Cette place occupée par A-Wax renvoie directement à son parcours de vie, celui qu’il raconte dans ses textes et qui lie le fond à la forme de Pullin’ Strings. Il avance seul, parce qu’il reste fidèle à une éthique qui n’est qu’un gimmick pour ses collègues, eux qui ne sont que des lâches et des traitres en puissance. En se présentant comme seul détenteur de vertu, A-Wax s’est créé un personnage d’incompris, presque de prophète sans apôtre. « Even Jesus didn’t have loyal friends » fait il remarquer sur Let It Go. Mais c’est dès l’intro qu’il prend cette stature quasi biblique, quand se mélangent résurrection après trahison, témoignages du mal humain ordinaire (« I seen a man snitched on a man who stole an orange« ) et où les 30 pièces d’argent de Judas sont devenues les humiliants 40$ de l’administration pénitencière. La mélancolie, la trahison, la perte, sont ses muses depuis toujours, mais sur Pullin’ Strings, A-Wax pousse les compteurs jusqu’à se faire personnification de la misanthropie. Et ce n’est sûrement pas un hasard non plus si l’album est absolument vierge de featurings.

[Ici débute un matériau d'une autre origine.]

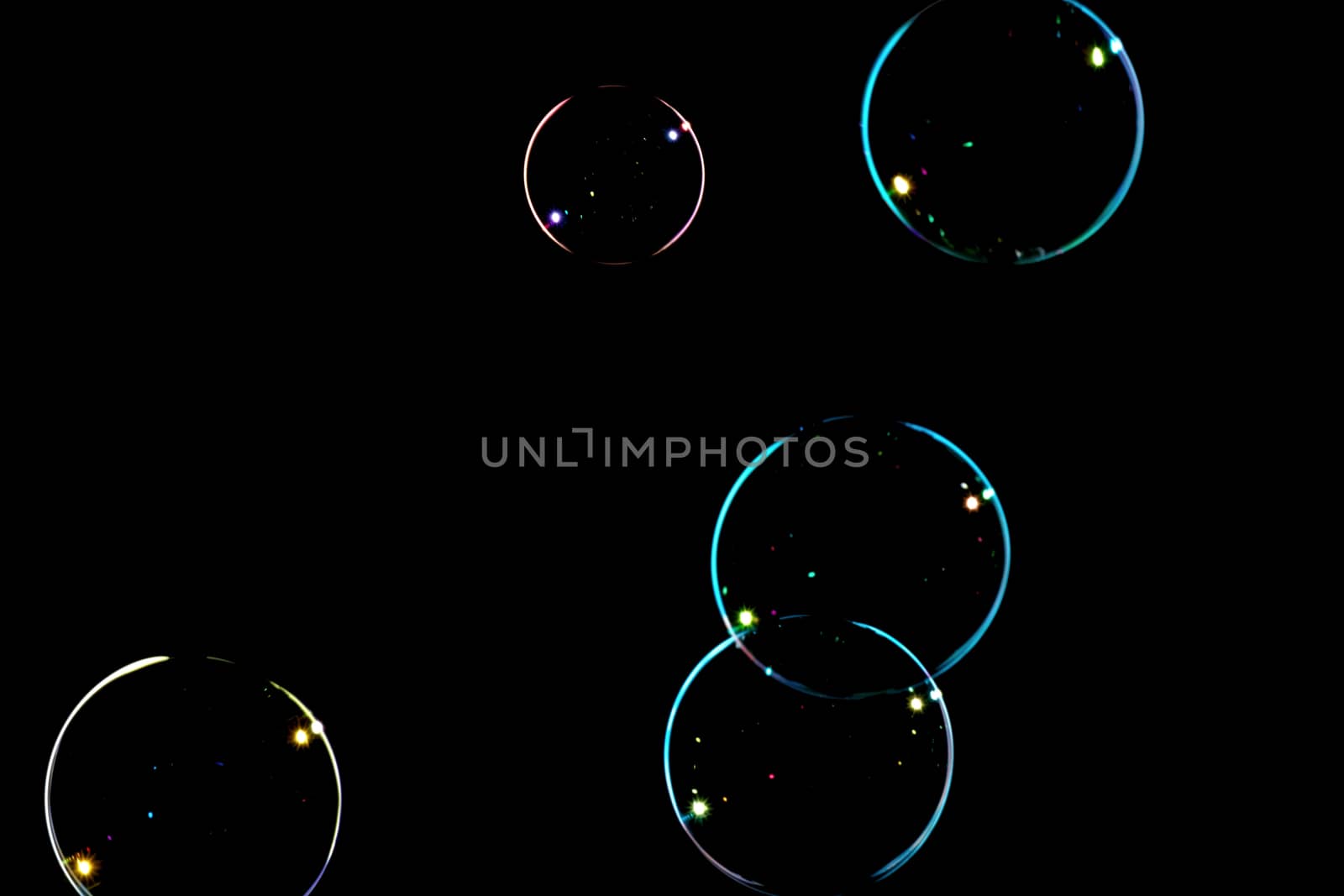 Group of soap bubbles on a black background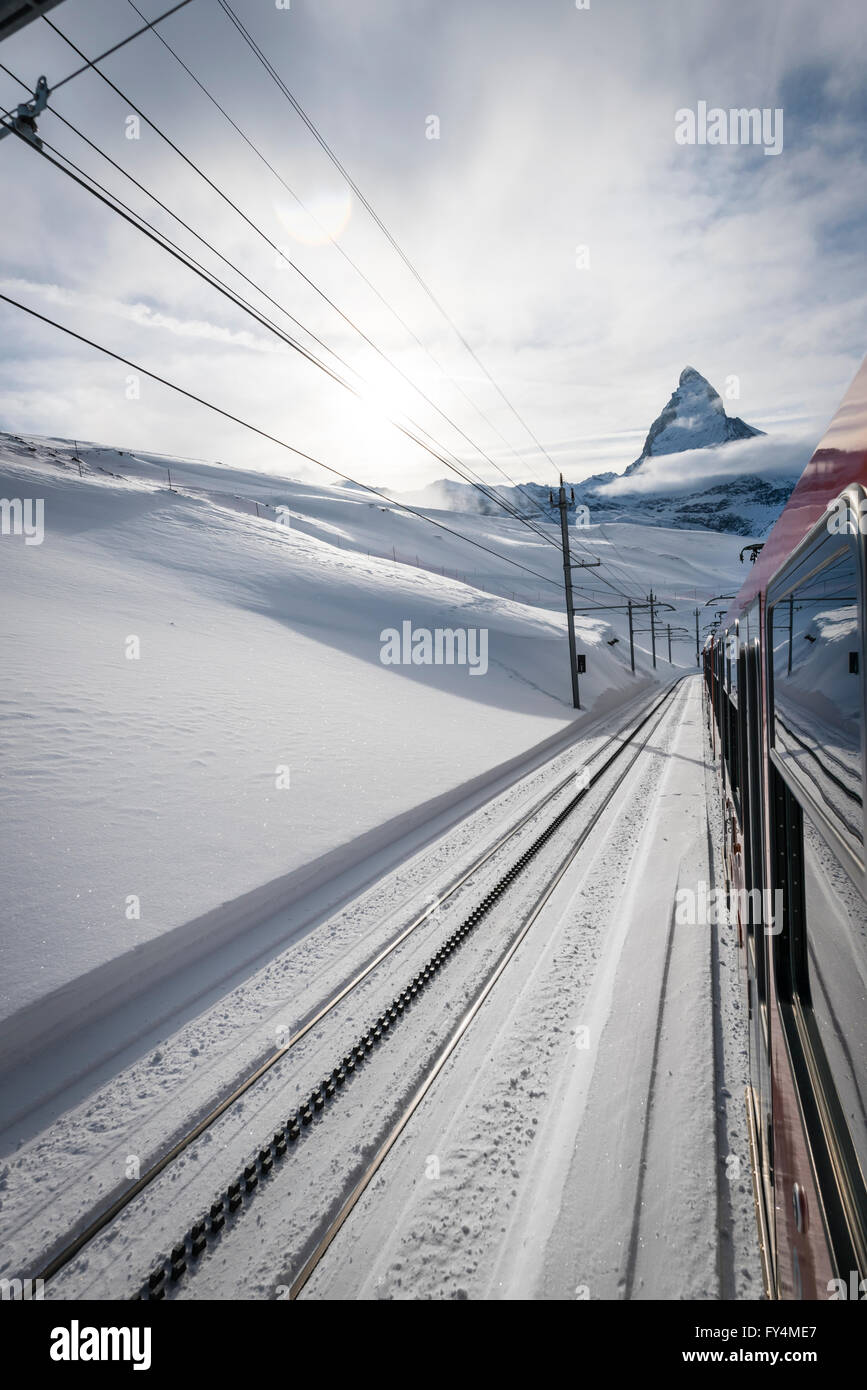 The Matterhorn is visible from a train of the famous Gornergrat railway that leads from the village of Zermatt up to 3089m. Stock Photo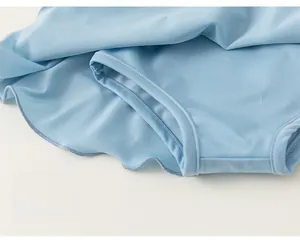 Gros plan détaillé sur les doubles coutures renforcées de l'ourlet du maillot bleu clair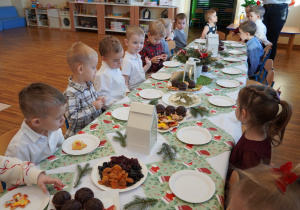 dzieci siedzą przy wigilijnym stole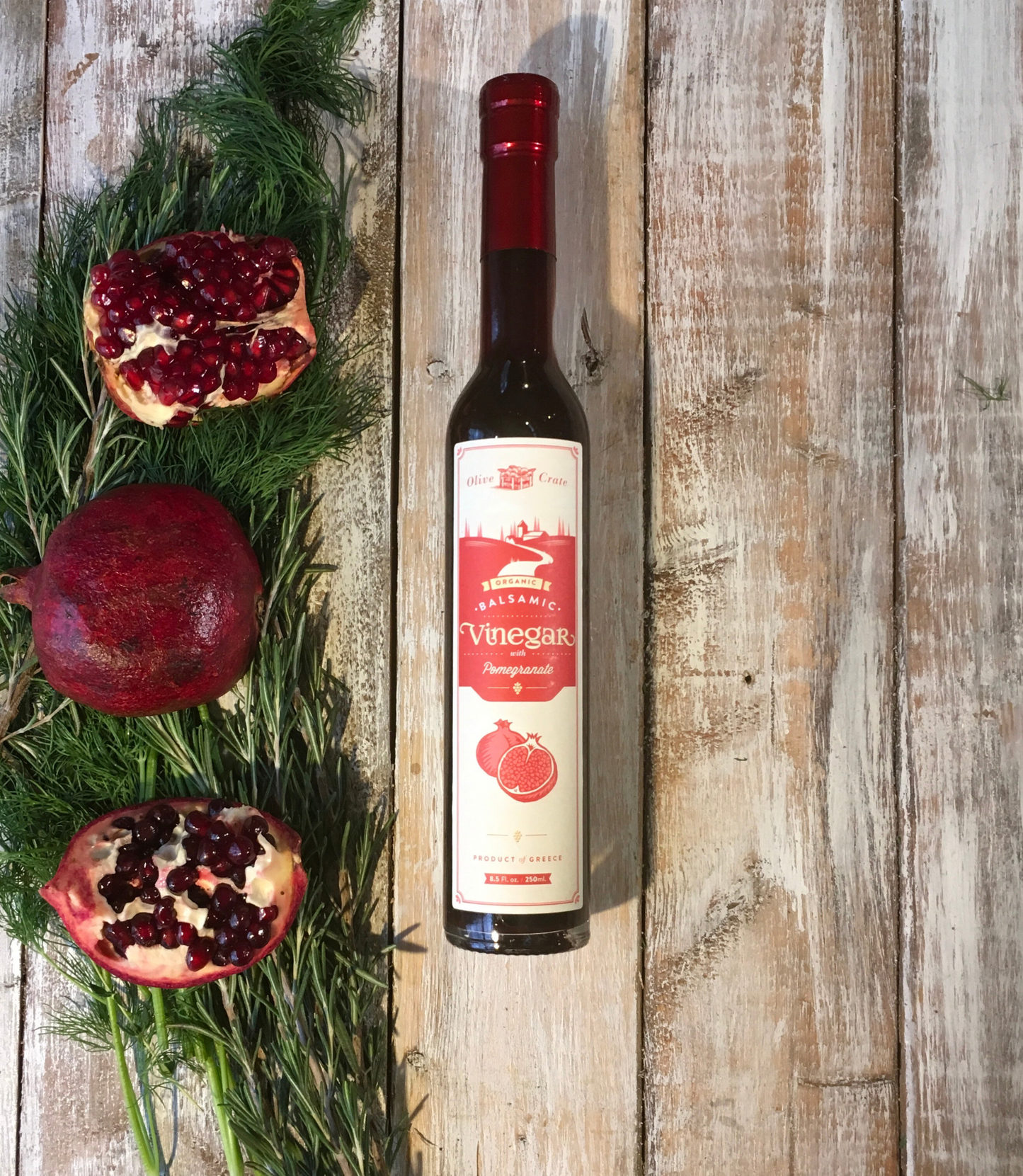 Glass bottle of Olive Crate 100% organic balsamic vinegar with pomegranate, featuring dark balsamic and pomegranate seeds inside.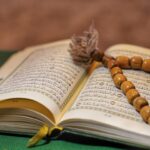 Open Quran with wooden prayer beads, symbolizing Islamic devotion.
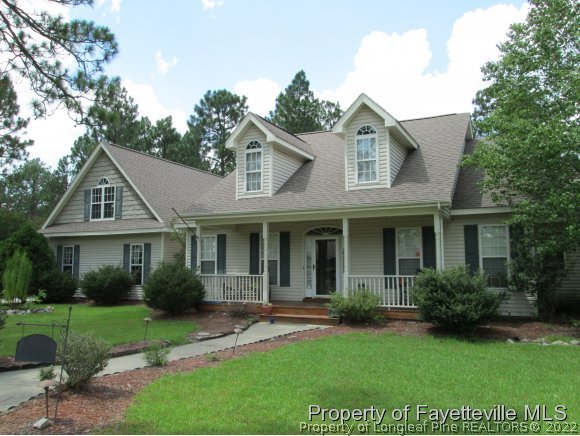 702 Wildwood Road Aberdeen, NC 28315 - Photo 1 of 19 a view of a yard in front of house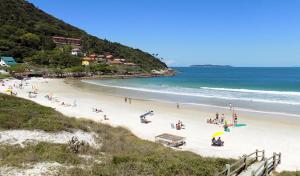 a group of people on a beach near the ocean at Apartamento Cobertura Duplex in Bombinhas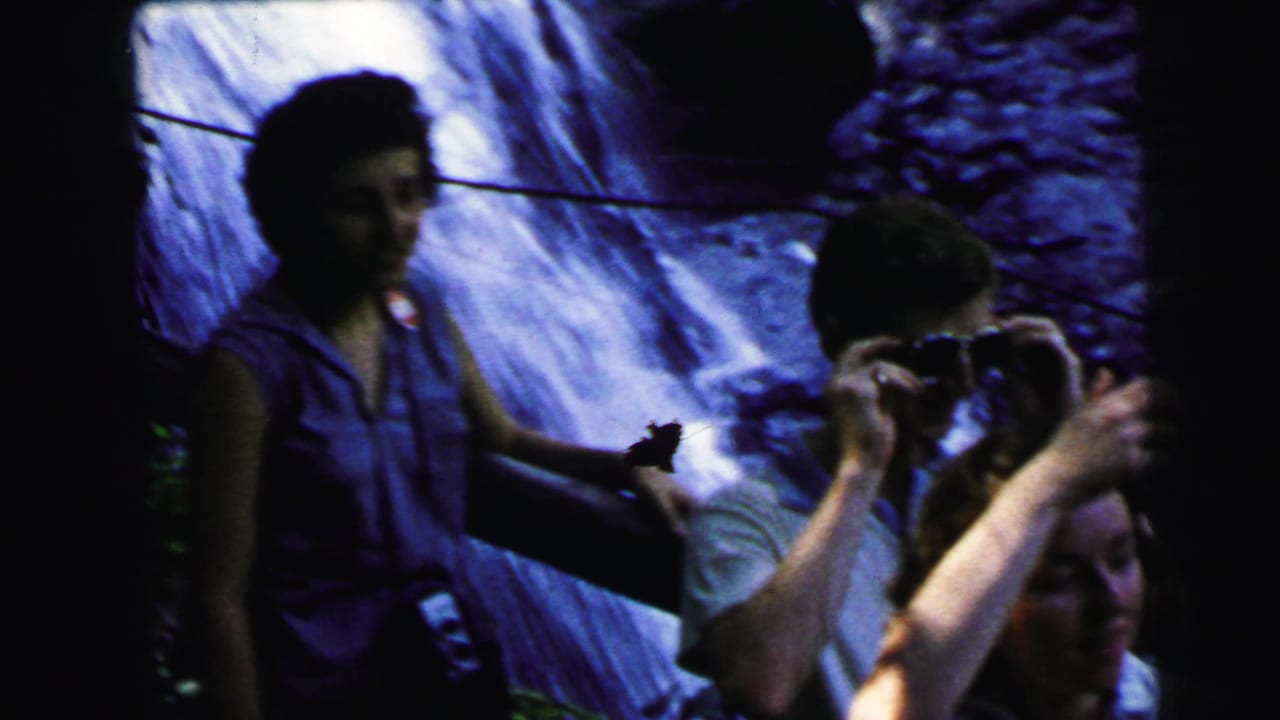 Three adults stand in front of a large rocky waterfall; one holds an object to their face.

En jouant ce rôle de révélateur des tares et contradictions de l’autre, A-Wax s’est souvent imaginé en Freddy Krueger, hantant les cauchemars des rappeurs qui ont des choses à se reprocher. S’il a choisi Krueger plutôt que le Boogie Monster pour dévorer les songes, c’est en référence aux Elm Street Piru, gang qui se nomme comme la rue où se déroule le film de Wes Craven. Plus que son appartenance à tel gang, cela montre l’importance qu’il donne aux détails, et, encore une fois, qu’il ne laisse rien au hasard. Il le faisait comprendre clairement en 2005 en appelant un album Conceptz & Contradictionz (ses (albums) concepts à lui, faces aux contradictions des autres) ou plus subtilement avec la série des Everybody Loves Me, dont les initiales font encore une fois référence à son gang. Le moindre détail semble toujours avoir été pensé dans ses albums, et Pullin’ Strings ne fait pas exception à la règle. L’écriture d’A-Wax y est toujours pleine de doubles sens et d’images à décoder, que ce soient des références aux gangs (« N.A.S.A. like astronauts » qu’on peut aussi comprendre « Ene (N), Ese (S) » pour Nortenos et Surenos), des références cachées à ses beefs avec les rappeurs de la Bay Area ou des hommages pudiques à ses amis, tous morts ou enfermés (Lay Em Down Twice reprend mélodie et refrain d’un titre de son album en duo avec Woodie, décédé en 2007).

Simple d’accès, grâce à ses productions, au flow chantonné et à l’articulation claire d’A-Wax, Pullin’ Strings et donc aussi un album qui se révèle complexe s’y on s’y laisse entièrement tomber. Au même titre que les Kevin Gates, Starlito, et autres Gunplay (pour ne citer que des rappeurs qui ne fâcheront pas Waxfase…) A-Wax transforme ses épreuves et sa mélancolie en instruments musicaux, et livre un témoignage qui ressemble à l’envers de ce que raconte la majorité du gangsta rap. Aussi longue qu’intéressante, aussi urgente à découvrir qu’elle est jusqu’à présent ignorée, la carrière d’A-Wax est parfaitement résumée dans ce dernier album. Les textes introspectifs, le rap chanté et les productions éthérées sont les héritages de la Mob Music qui a marqué ses débuts en 2000 (encore une fois sans citer les noms qui fâchent ^.^) et les sprints de caisses claires et basses saturées sont les apports de la Trap moderne, qu’il pratique depuis que Flockaveli a traumatisé le gangsta rap.

Avec Pullin’ Strings A-Wax a sorti un des meilleurs albums de 2014 (peut-être le meilleur) et un des meilleurs disques de sa carrière (peut-être le meilleur…). En espérant qu’il donne envie au public de découvrir le reste de son immense discographie qui, étendue sur plus d’une décennie, regorge de pépites dans des styles très différents.